> _What is required_
Reproduce, word for word, every line starting at the line that contains "Gootoe Chews Dentales" and ending with the final line of the entries.

[Scraped caption text data]

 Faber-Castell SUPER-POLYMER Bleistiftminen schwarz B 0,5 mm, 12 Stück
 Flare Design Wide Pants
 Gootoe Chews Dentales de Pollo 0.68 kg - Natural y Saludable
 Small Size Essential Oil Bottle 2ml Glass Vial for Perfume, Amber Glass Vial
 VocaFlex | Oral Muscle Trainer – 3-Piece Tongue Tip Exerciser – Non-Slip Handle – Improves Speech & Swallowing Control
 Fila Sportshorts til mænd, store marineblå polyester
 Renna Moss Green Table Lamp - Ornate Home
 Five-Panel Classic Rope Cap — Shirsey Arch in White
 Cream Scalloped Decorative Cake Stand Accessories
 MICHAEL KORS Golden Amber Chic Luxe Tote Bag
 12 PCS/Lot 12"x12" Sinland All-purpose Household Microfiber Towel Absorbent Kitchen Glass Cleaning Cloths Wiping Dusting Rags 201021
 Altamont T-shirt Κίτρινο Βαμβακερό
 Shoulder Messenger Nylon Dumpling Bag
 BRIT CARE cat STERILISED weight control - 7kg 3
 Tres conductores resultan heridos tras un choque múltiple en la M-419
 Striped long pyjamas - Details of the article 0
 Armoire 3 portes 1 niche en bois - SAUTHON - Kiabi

> _Solution below_
 Gootoe Chews Dentales de Pollo 0.68 kg - Natural y Saludable
 Small Size Essential Oil Bottle 2ml Glass Vial for Perfume, Amber Glass Vial
 VocaFlex | Oral Muscle Trainer – 3-Piece Tongue Tip Exerciser – Non-Slip Handle – Improves Speech & Swallowing Control
 Fila Sportshorts til mænd, store marineblå polyester
 Renna Moss Green Table Lamp - Ornate Home
 Five-Panel Classic Rope Cap — Shirsey Arch in White
 Cream Scalloped Decorative Cake Stand Accessories
 MICHAEL KORS Golden Amber Chic Luxe Tote Bag
 12 PCS/Lot 12"x12" Sinland All-purpose Household Microfiber Towel Absorbent Kitchen Glass Cleaning Cloths Wiping Dusting Rags 201021
 Altamont T-shirt Κίτρινο Βαμβακερό
 Shoulder Messenger Nylon Dumpling Bag
 BRIT CARE cat STERILISED weight control - 7kg 3
 Tres conductores resultan heridos tras un choque múltiple en la M-419
 Striped long pyjamas - Details of the article 0
 Armoire 3 portes 1 niche en bois - SAUTHON - Kiabi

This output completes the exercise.